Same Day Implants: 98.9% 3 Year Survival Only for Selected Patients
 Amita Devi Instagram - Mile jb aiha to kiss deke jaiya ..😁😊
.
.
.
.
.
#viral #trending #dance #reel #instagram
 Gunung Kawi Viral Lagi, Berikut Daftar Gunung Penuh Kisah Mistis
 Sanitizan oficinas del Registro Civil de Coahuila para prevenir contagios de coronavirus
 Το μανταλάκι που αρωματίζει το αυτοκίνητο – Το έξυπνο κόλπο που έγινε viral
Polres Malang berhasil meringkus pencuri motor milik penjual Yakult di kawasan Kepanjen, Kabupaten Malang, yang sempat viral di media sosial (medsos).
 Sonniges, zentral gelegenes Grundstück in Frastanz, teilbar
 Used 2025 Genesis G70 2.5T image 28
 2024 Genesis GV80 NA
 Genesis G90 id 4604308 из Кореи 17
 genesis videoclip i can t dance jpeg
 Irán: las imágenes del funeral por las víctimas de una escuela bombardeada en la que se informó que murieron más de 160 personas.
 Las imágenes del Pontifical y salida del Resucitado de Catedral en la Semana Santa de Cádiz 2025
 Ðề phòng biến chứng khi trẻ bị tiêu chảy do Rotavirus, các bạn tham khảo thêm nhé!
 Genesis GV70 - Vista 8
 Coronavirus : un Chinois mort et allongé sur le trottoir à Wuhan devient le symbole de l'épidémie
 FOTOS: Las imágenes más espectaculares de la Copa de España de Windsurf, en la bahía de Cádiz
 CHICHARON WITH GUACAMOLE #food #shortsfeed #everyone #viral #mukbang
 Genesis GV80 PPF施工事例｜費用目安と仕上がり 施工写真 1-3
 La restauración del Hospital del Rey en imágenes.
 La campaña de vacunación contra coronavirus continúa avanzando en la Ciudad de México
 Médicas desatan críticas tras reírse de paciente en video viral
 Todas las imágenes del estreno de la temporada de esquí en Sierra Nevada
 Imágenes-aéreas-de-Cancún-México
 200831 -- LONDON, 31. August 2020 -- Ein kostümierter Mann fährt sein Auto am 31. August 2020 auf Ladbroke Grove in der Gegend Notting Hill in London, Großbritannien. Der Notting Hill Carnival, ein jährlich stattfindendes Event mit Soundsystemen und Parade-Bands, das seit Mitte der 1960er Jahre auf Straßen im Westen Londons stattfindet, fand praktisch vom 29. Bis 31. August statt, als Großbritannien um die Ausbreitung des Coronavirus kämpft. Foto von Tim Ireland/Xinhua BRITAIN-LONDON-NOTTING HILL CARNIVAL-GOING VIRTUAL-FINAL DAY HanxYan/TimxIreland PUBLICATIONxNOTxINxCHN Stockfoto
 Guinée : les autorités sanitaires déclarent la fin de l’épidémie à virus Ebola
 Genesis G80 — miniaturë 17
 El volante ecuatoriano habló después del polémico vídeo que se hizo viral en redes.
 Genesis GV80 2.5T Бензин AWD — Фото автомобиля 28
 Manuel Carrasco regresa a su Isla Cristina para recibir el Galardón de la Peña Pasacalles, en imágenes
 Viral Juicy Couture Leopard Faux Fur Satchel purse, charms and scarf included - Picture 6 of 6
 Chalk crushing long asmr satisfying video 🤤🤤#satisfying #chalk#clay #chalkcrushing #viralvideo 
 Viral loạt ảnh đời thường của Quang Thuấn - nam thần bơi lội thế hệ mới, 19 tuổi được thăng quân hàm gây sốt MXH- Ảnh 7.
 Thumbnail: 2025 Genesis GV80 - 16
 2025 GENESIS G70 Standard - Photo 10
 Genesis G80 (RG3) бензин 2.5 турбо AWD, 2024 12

**********

** TASK TO COMPLETE **
Set down the whole of the material again, exactly.

** RESULT OF THIS TASK **
Same Day Implants: 98.9% 3 Year Survival Only for Selected Patients
 Amita Devi Instagram - Mile jb aiha to kiss deke jaiya ..😁😊
.
.
.
.
.
#viral #trending #dance #reel #instagram
 Gunung Kawi Viral Lagi, Berikut Daftar Gunung Penuh Kisah Mistis
 Sanitizan oficinas del Registro Civil de Coahuila para prevenir contagios de coronavirus
 Το μανταλάκι που αρωματίζει το αυτοκίνητο – Το έξυπνο κόλπο που έγινε viral
Polres Malang berhasil meringkus pencuri motor milik penjual Yakult di kawasan Kepanjen, Kabupaten Malang, yang sempat viral di media sosial (medsos).
 Sonniges, zentral gelegenes Grundstück in Frastanz, teilbar
 Used 2025 Genesis G70 2.5T image 28
 2024 Genesis GV80 NA
 Genesis G90 id 4604308 из Кореи 17
 genesis videoclip i can t dance jpeg
 Irán: las imágenes del funeral por las víctimas de una escuela bombardeada en la que se informó que murieron más de 160 personas.
 Las imágenes del Pontifical y salida del Resucitado de Catedral en la Semana Santa de Cádiz 2025
 Ðề phòng biến chứng khi trẻ bị tiêu chảy do Rotavirus, các bạn tham khảo thêm nhé!
 Genesis GV70 - Vista 8
 Coronavirus : un Chinois mort et allongé sur le trottoir à Wuhan devient le symbole de l'épidémie
 FOTOS: Las imágenes más espectaculares de la Copa de España de Windsurf, en la bahía de Cádiz
 CHICHARON WITH GUACAMOLE #food #shortsfeed #everyone #viral #mukbang
 Genesis GV80 PPF施工事例｜費用目安と仕上がり 施工写真 1-3
 La restauración del Hospital del Rey en imágenes.
 La campaña de vacunación contra coronavirus continúa avanzando en la Ciudad de México
 Médicas desatan críticas tras reírse de paciente en video viral
 Todas las imágenes del estreno de la temporada de esquí en Sierra Nevada
 Imágenes-aéreas-de-Cancún-México
 200831 -- LONDON, 31. August 2020 -- Ein kostümierter Mann fährt sein Auto am 31. August 2020 auf Ladbroke Grove in der Gegend Notting Hill in London, Großbritannien. Der Notting Hill Carnival, ein jährlich stattfindendes Event mit Soundsystemen und Parade-Bands, das seit Mitte der 1960er Jahre auf Straßen im Westen Londons stattfindet, fand praktisch vom 29. Bis 31. August statt, als Großbritannien um die Ausbreitung des Coronavirus kämpft. Foto von Tim Ireland/Xinhua BRITAIN-LONDON-NOTTING HILL CARNIVAL-GOING VIRTUAL-FINAL DAY HanxYan/TimxIreland PUBLICATIONxNOTxINxCHN Stockfoto
 Guinée : les autorités sanitaires déclarent la fin de l’épidémie à virus Ebola
 Genesis G80 — miniaturë 17
 El volante ecuatoriano habló después del polémico vídeo que se hizo viral en redes.
 Genesis GV80 2.5T Бензин AWD — Фото автомобиля 28
 Manuel Carrasco regresa a su Isla Cristina para recibir el Galardón de la Peña Pasacalles, en imágenes
 Viral Juicy Couture Leopard Faux Fur Satchel purse, charms and scarf included - Picture 6 of 6
 Chalk crushing long asmr satisfying video 🤤🤤#satisfying #chalk#clay #chalkcrushing #viralvideo 
 Viral loạt ảnh đời thường của Quang Thuấn - nam thần bơi lội thế hệ mới, 19 tuổi được thăng quân hàm gây sốt MXH- Ảnh 7.
 Thumbnail: 2025 Genesis GV80 - 16
 2025 GENESIS G70 Standard - Photo 10
 Genesis G80 (RG3) бензин 2.5 турбо AWD, 2024 12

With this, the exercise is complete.